2.5 Risks and Volatile Areas

RI-1: The project cannot be completed in time. Not likely.

RI-2: Any single component of the system grows in complexity and cannot be finished. Distinct possibility.

VA-1: The web interface is a volatile area because I have little experience in this area and many features will be conveyed by this component. I have decided that the majority of the features are doable—with enough time.

VA-2: The content archiver is a volatile area because I will need to take the source code for Mozilla's Archive extension and use it for my own purposes. Hopefully this will not turn into a very complex task.

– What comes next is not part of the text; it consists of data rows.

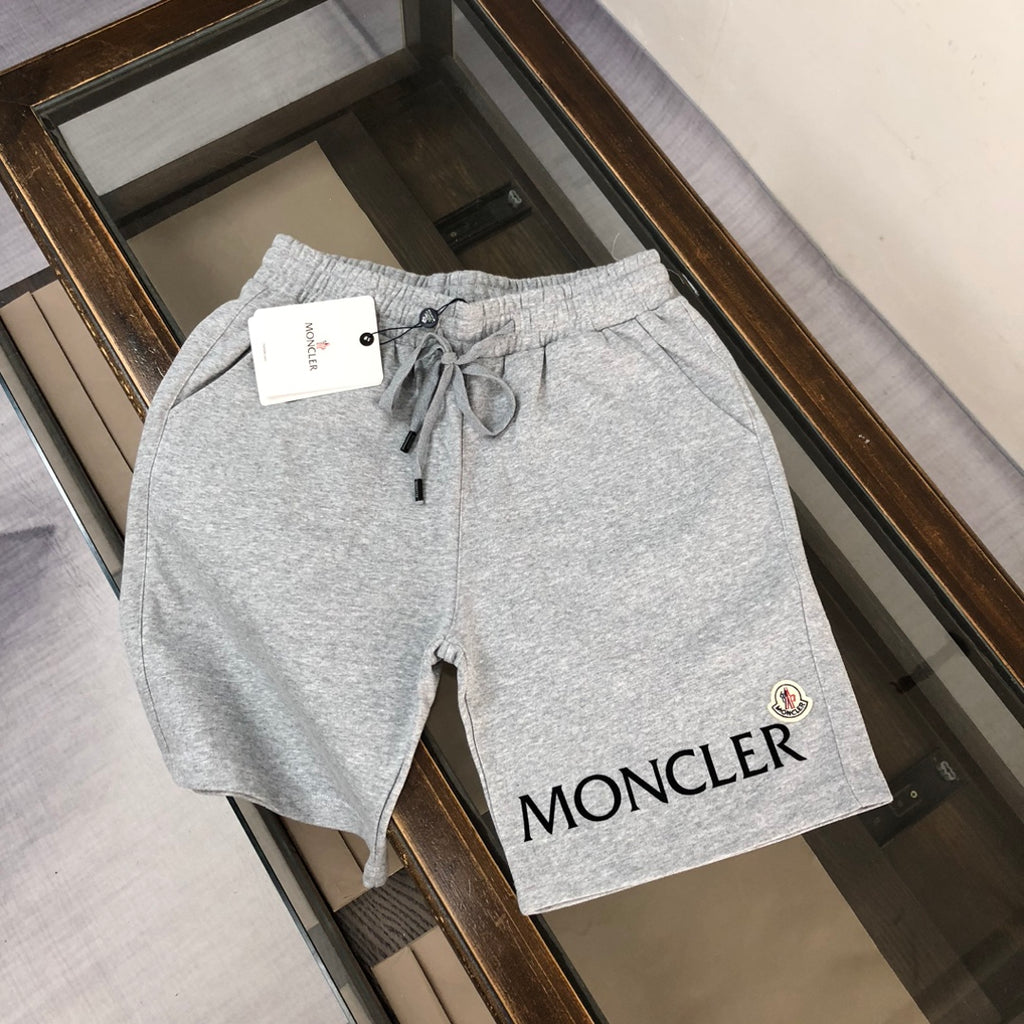 Heather gray drawstring shorts with elastic waistband and MONCLER logo patch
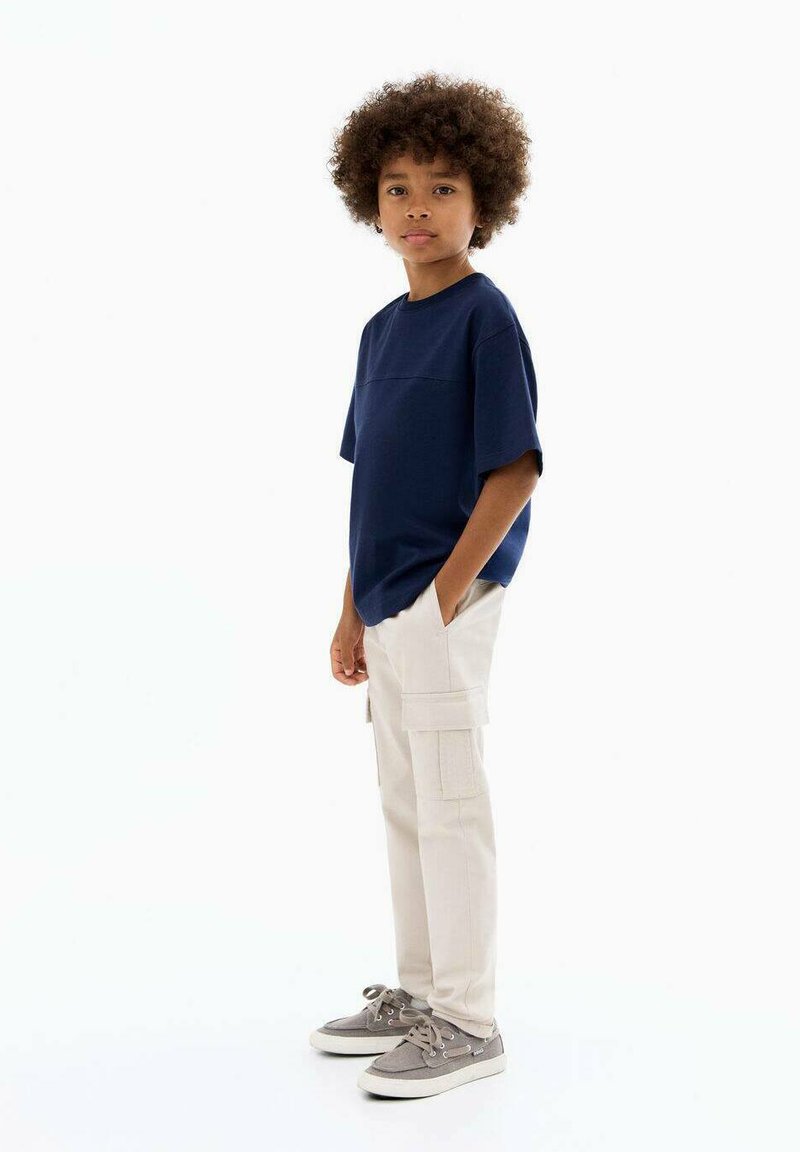 Marineblauw T-shirt met korte mouwen met een vlakke naadontwerp, beige cargobroek met meerdere zakken, grijze sneakers met witte zolen.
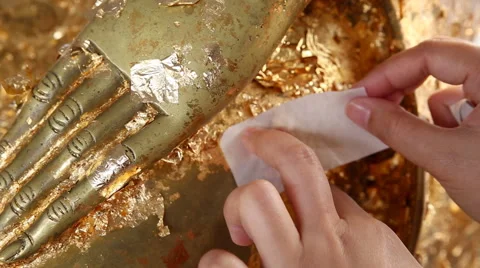 Hands applying gold leaf on revered buddha statue,HD video Stock Footage 53855172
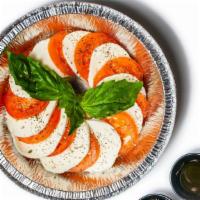 Insalata Caprese · Fresh mozzarella, sliced tomatoes, basil, olive oil, balsamic vinegar.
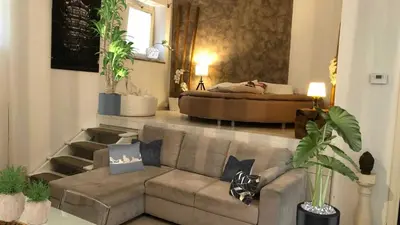a living room with a couch and a bed at Boncompagni Suite Roma in Rome
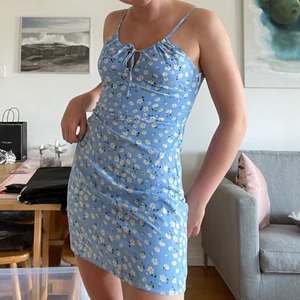 Klänning - Blå klänning med söta blommor och knytning. Säljer då den är lite för liten och har aldrig använt den utan bara provat. Den är i strl M men jag brukar ha M och tycker den är för liten. 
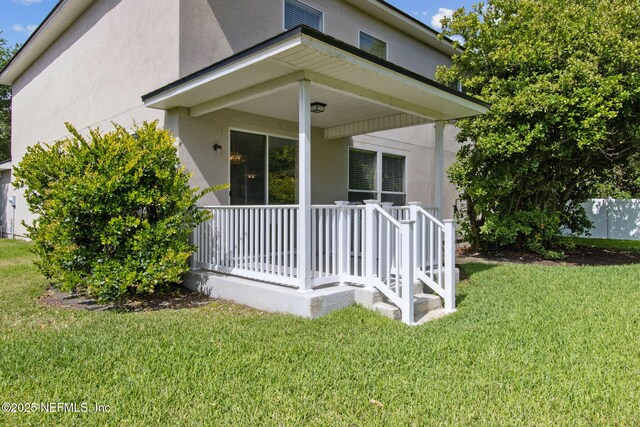 back of property with a lawn, covered porch, and stucco siding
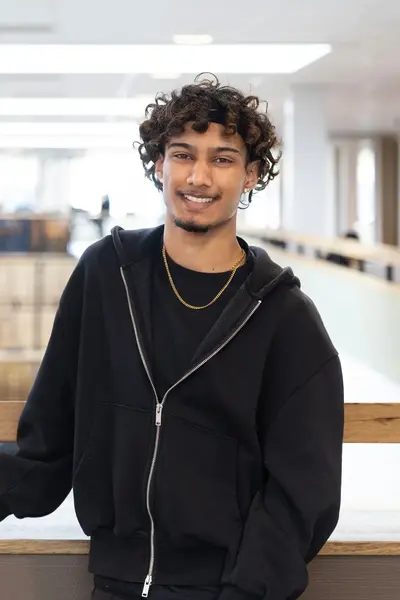 Student met zwarte hoodie glimlacht naar de camera. 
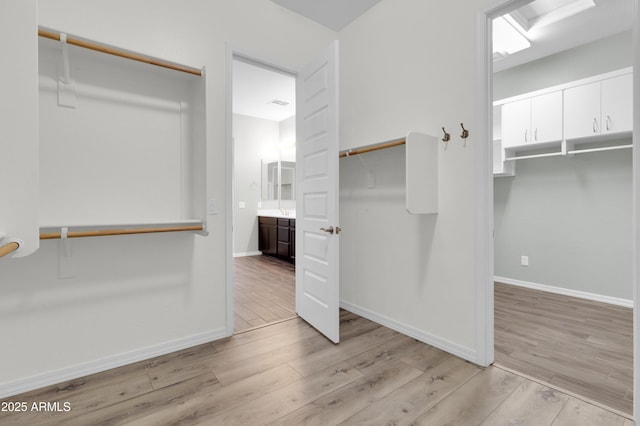 spacious closet featuring light wood finished floors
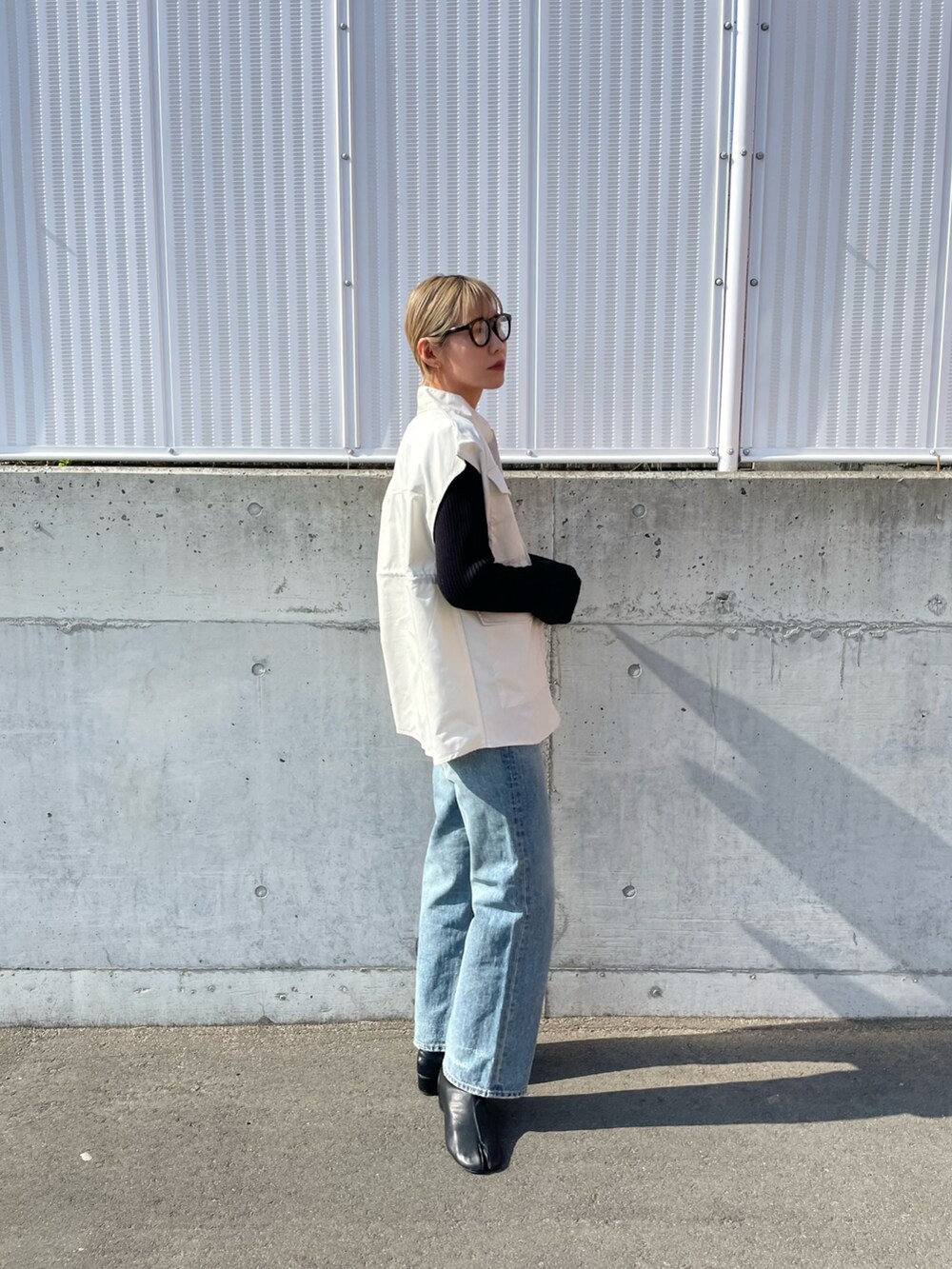 ブルー系のデニムパンツ、ホワイト系のベスト、ブラック系のニット/セーターを着用したレディースの春コーディネートの3枚目の写真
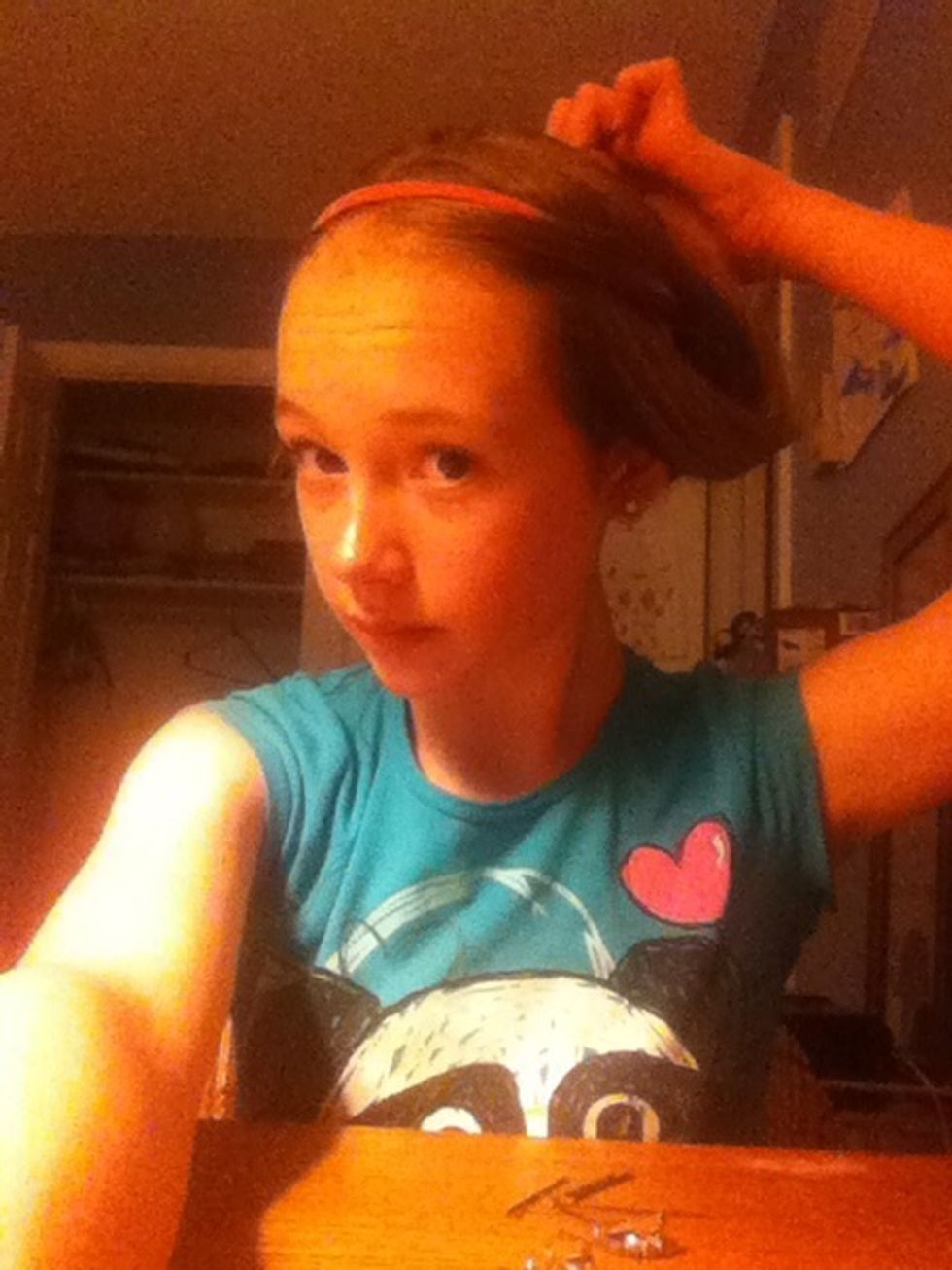 Tuck the hear into the head band in the back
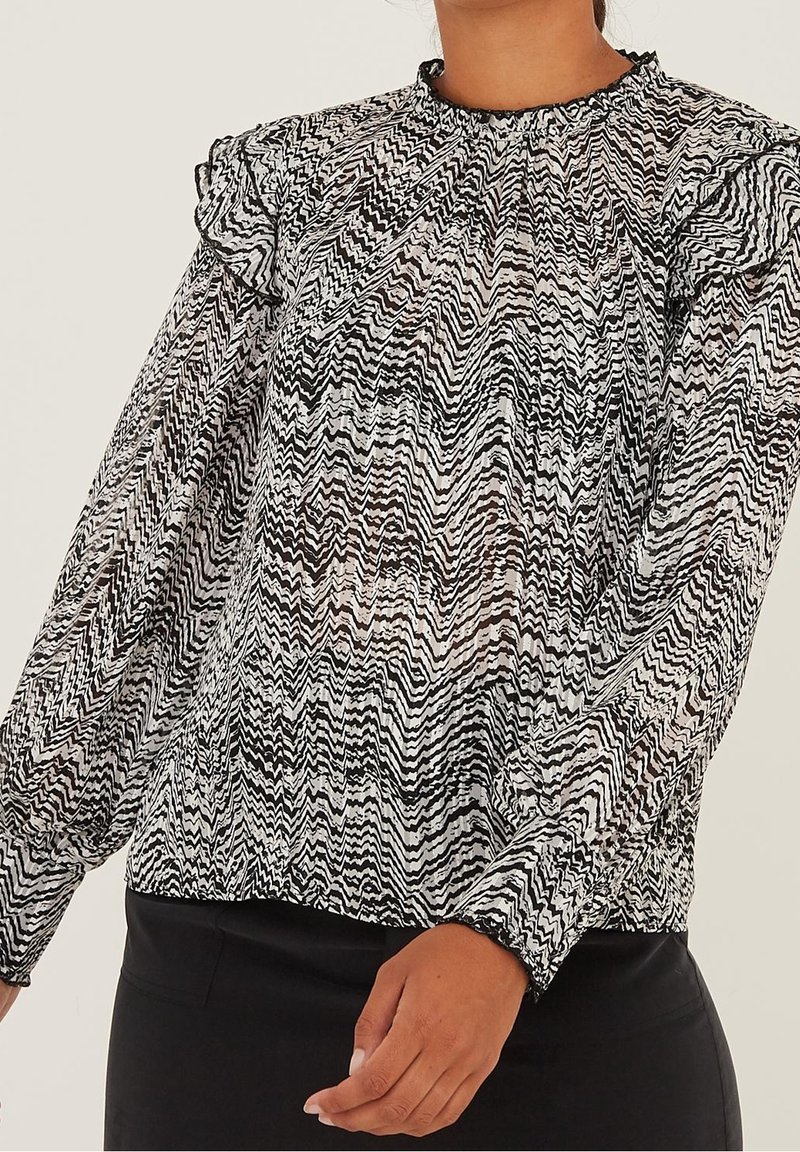 Vrouw met een zwart-wit zigzag patroon lange mouwen blouse met gerimpelde schouderdetails en een gegatherde halslijn.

VA-3: Security is a volatile area because it is a high priority but it also loosely defined.

3. Architecture

3.1 Overview

The server will act as a hub for all activity by the user. The user will view and manage content via the web interface and issue commands to download content via the client plug-in. The master program will coordinate the operation of the entire server. It will keep the database and file space synchronized and act as a gatekeeper between these and the other components in the system. The downloader is the only component with direct access to the Internet simply because it is the only component which has any reason to be operating outside the server. Obviously the web server is an exception to this but for simplicity's sake I only represented the relationship between it and the user.

3.2 Subsystem, Component, or Module 1...N

If a particular component is one that merits a more detailed discussion than what was presented in the System Architecture section, provide that more detailed discussion in a subsection of the System Architecture section (or it may even be more appropriate to describe the component in its own design document). If necessary, describe how the component was further divided into subcomponents, and the relationships and interactions between the subcomponents (similar to what was done for top-level components in the System Architecture section).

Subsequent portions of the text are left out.